● **Exercise requirements**
Nothing in the records should change; write them all out exactly.

[Data entries]

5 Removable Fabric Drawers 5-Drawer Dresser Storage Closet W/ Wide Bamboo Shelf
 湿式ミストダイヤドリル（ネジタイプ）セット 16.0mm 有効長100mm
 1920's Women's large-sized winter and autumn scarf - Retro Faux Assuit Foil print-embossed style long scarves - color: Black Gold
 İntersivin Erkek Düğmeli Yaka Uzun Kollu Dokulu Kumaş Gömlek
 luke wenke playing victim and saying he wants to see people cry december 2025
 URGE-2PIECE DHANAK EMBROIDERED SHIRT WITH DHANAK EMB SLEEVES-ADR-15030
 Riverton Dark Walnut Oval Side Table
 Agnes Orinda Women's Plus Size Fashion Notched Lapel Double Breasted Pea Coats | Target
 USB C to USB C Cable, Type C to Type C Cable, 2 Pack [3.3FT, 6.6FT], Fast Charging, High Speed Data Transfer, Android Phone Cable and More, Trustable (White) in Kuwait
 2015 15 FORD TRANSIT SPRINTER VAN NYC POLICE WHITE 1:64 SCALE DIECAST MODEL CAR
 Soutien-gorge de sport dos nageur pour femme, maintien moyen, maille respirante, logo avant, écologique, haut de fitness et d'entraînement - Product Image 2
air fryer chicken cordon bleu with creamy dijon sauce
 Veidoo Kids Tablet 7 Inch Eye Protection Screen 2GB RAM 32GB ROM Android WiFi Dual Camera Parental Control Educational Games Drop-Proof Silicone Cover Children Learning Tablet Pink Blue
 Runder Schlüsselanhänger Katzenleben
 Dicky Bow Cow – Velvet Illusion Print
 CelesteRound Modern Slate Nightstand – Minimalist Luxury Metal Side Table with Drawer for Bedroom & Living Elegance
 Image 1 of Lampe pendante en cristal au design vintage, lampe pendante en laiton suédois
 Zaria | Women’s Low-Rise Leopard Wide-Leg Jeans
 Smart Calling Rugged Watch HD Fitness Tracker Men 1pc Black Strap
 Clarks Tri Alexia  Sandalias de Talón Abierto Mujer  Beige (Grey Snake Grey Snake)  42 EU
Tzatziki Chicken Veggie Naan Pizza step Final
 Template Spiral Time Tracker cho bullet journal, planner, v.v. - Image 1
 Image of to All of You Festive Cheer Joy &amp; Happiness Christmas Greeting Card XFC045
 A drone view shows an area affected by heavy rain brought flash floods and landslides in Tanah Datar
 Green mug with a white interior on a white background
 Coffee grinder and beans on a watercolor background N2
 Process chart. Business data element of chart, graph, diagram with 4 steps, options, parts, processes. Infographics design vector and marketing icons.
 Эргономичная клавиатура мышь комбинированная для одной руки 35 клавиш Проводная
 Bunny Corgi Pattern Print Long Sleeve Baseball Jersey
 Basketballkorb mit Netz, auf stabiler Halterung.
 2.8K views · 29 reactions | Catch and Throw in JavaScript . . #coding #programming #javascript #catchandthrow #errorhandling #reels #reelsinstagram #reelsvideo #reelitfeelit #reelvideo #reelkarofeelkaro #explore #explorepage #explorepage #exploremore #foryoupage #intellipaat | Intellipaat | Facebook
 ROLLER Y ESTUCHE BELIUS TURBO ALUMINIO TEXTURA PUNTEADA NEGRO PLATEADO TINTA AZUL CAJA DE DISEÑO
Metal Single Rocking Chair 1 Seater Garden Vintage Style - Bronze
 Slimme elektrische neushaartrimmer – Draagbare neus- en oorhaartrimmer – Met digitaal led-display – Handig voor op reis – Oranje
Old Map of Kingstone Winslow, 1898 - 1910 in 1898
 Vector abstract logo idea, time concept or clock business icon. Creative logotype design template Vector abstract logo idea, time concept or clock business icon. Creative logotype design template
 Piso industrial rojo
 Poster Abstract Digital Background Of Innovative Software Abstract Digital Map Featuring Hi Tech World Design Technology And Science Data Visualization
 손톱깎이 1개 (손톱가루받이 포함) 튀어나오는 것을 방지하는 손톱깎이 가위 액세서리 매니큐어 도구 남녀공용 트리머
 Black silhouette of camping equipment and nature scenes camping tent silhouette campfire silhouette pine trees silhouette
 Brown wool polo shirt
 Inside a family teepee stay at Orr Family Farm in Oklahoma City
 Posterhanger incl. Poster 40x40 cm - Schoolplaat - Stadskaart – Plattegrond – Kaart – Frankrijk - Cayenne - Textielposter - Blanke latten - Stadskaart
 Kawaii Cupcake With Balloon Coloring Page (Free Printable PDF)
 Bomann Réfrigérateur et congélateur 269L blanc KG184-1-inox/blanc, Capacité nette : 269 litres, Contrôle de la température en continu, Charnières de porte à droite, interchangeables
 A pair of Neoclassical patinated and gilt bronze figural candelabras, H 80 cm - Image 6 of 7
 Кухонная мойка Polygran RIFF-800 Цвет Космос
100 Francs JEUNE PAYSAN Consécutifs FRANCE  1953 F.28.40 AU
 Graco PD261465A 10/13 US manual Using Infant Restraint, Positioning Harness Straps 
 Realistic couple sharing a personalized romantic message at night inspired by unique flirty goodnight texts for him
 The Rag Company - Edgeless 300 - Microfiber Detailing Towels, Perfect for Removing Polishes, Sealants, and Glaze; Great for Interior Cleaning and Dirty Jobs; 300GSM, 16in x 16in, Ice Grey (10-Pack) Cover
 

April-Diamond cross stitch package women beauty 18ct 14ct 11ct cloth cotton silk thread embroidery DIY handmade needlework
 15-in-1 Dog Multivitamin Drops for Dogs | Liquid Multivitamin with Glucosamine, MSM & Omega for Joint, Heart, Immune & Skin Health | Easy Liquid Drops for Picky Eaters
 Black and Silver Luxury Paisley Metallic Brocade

● **Response to the task**
5 Removable Fabric Drawers 5-Drawer Dresser Storage Closet W/ Wide Bamboo Shelf
 湿式ミストダイヤドリル（ネジタイプ）セット 16.0mm 有効長100mm
 1920's Women's large-sized winter and autumn scarf - Retro Faux Assuit Foil print-embossed style long scarves - color: Black Gold
 İntersivin Erkek Düğmeli Yaka Uzun Kollu Dokulu Kumaş Gömlek
 luke wenke playing victim and saying he wants to see people cry december 2025
 URGE-2PIECE DHANAK EMBROIDERED SHIRT WITH DHANAK EMB SLEEVES-ADR-15030
 Riverton Dark Walnut Oval Side Table
 Agnes Orinda Women's Plus Size Fashion Notched Lapel Double Breasted Pea Coats | Target
 USB C to USB C Cable, Type C to Type C Cable, 2 Pack [3.3FT, 6.6FT], Fast Charging, High Speed Data Transfer, Android Phone Cable and More, Trustable (White) in Kuwait
 2015 15 FORD TRANSIT SPRINTER VAN NYC POLICE WHITE 1:64 SCALE DIECAST MODEL CAR
 Soutien-gorge de sport dos nageur pour femme, maintien moyen, maille respirante, logo avant, écologique, haut de fitness et d'entraînement - Product Image 2
air fryer chicken cordon bleu with creamy dijon sauce
 Veidoo Kids Tablet 7 Inch Eye Protection Screen 2GB RAM 32GB ROM Android WiFi Dual Camera Parental Control Educational Games Drop-Proof Silicone Cover Children Learning Tablet Pink Blue
 Runder Schlüsselanhänger Katzenleben
 Dicky Bow Cow – Velvet Illusion Print
 CelesteRound Modern Slate Nightstand – Minimalist Luxury Metal Side Table with Drawer for Bedroom & Living Elegance
 Image 1 of Lampe pendante en cristal au design vintage, lampe pendante en laiton suédois
 Zaria | Women’s Low-Rise Leopard Wide-Leg Jeans
 Smart Calling Rugged Watch HD Fitness Tracker Men 1pc Black Strap
 Clarks Tri Alexia  Sandalias de Talón Abierto Mujer  Beige (Grey Snake Grey Snake)  42 EU
Tzatziki Chicken Veggie Naan Pizza step Final
 Template Spiral Time Tracker cho bullet journal, planner, v.v. - Image 1
 Image of to All of You Festive Cheer Joy &amp; Happiness Christmas Greeting Card XFC045
 A drone view shows an area affected by heavy rain brought flash floods and landslides in Tanah Datar
 Green mug with a white interior on a white background
 Coffee grinder and beans on a watercolor background N2
 Process chart. Business data element of chart, graph, diagram with 4 steps, options, parts, processes. Infographics design vector and marketing icons.
 Эргономичная клавиатура мышь комбинированная для одной руки 35 клавиш Проводная
 Bunny Corgi Pattern Print Long Sleeve Baseball Jersey
 Basketballkorb mit Netz, auf stabiler Halterung.
 2.8K views · 29 reactions | Catch and Throw in JavaScript . . #coding #programming #javascript #catchandthrow #errorhandling #reels #reelsinstagram #reelsvideo #reelitfeelit #reelvideo #reelkarofeelkaro #explore #explorepage #explorepage #exploremore #foryoupage #intellipaat | Intellipaat | Facebook
 ROLLER Y ESTUCHE BELIUS TURBO ALUMINIO TEXTURA PUNTEADA NEGRO PLATEADO TINTA AZUL CAJA DE DISEÑO
Metal Single Rocking Chair 1 Seater Garden Vintage Style - Bronze
 Slimme elektrische neushaartrimmer – Draagbare neus- en oorhaartrimmer – Met digitaal led-display – Handig voor op reis – Oranje
Old Map of Kingstone Winslow, 1898 - 1910 in 1898
 Vector abstract logo idea, time concept or clock business icon. Creative logotype design template Vector abstract logo idea, time concept or clock business icon. Creative logotype design template
 Piso industrial rojo
 Poster Abstract Digital Background Of Innovative Software Abstract Digital Map Featuring Hi Tech World Design Technology And Science Data Visualization
 손톱깎이 1개 (손톱가루받이 포함) 튀어나오는 것을 방지하는 손톱깎이 가위 액세서리 매니큐어 도구 남녀공용 트리머
 Black silhouette of camping equipment and nature scenes camping tent silhouette campfire silhouette pine trees silhouette
 Brown wool polo shirt
 Inside a family teepee stay at Orr Family Farm in Oklahoma City
 Posterhanger incl. Poster 40x40 cm - Schoolplaat - Stadskaart – Plattegrond – Kaart – Frankrijk - Cayenne - Textielposter - Blanke latten - Stadskaart
 Kawaii Cupcake With Balloon Coloring Page (Free Printable PDF)
 Bomann Réfrigérateur et congélateur 269L blanc KG184-1-inox/blanc, Capacité nette : 269 litres, Contrôle de la température en continu, Charnières de porte à droite, interchangeables
 A pair of Neoclassical patinated and gilt bronze figural candelabras, H 80 cm - Image 6 of 7
 Кухонная мойка Polygran RIFF-800 Цвет Космос
100 Francs JEUNE PAYSAN Consécutifs FRANCE  1953 F.28.40 AU
 Graco PD261465A 10/13 US manual Using Infant Restraint, Positioning Harness Straps 
 Realistic couple sharing a personalized romantic message at night inspired by unique flirty goodnight texts for him
 The Rag Company - Edgeless 300 - Microfiber Detailing Towels, Perfect for Removing Polishes, Sealants, and Glaze; Great for Interior Cleaning and Dirty Jobs; 300GSM, 16in x 16in, Ice Grey (10-Pack) Cover
 

April-Diamond cross stitch package women beauty 18ct 14ct 11ct cloth cotton silk thread embroidery DIY handmade needlework
 15-in-1 Dog Multivitamin Drops for Dogs | Liquid Multivitamin with Glucosamine, MSM & Omega for Joint, Heart, Immune & Skin Health | Easy Liquid Drops for Picky Eaters
 Black and Silver Luxury Paisley Metallic Brocade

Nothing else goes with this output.